::: Data

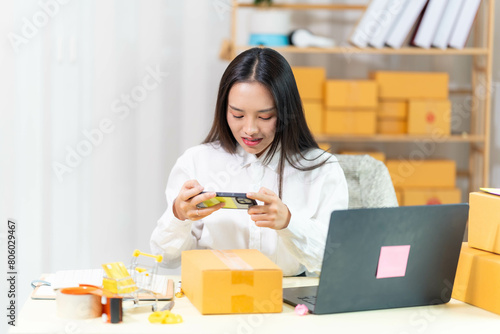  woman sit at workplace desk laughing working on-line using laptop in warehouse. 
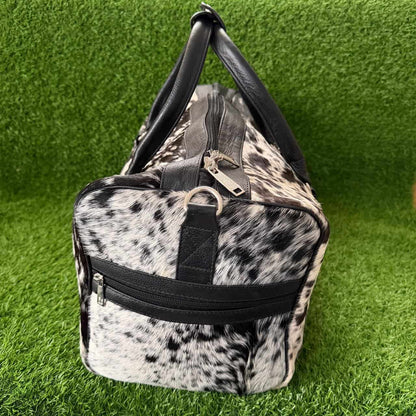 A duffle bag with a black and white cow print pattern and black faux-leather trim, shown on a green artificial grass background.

::::::
::: Data

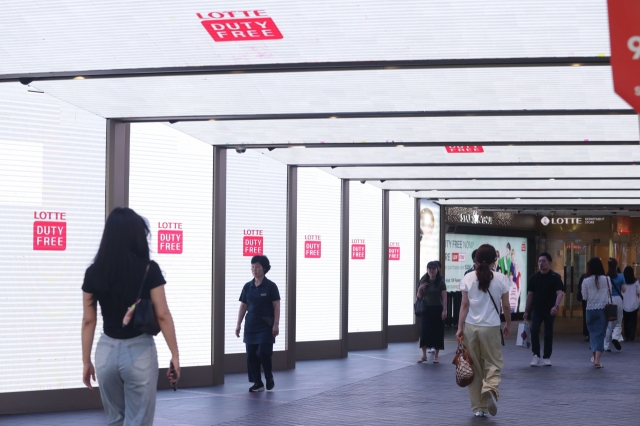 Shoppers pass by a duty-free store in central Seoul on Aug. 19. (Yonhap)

::::::

- _What you should do_: Using the data above, output the line that has "woman sit at", the line that has "A duffle bag", and whatever lines fall between, each exactly as it stands and without pictures.

- _Exercise answer_:
  woman sit at workplace desk laughing working on-line using laptop in warehouse. 
 A duffle bag with a black and white cow print pattern and black faux-leather trim, shown on a green artificial grass background.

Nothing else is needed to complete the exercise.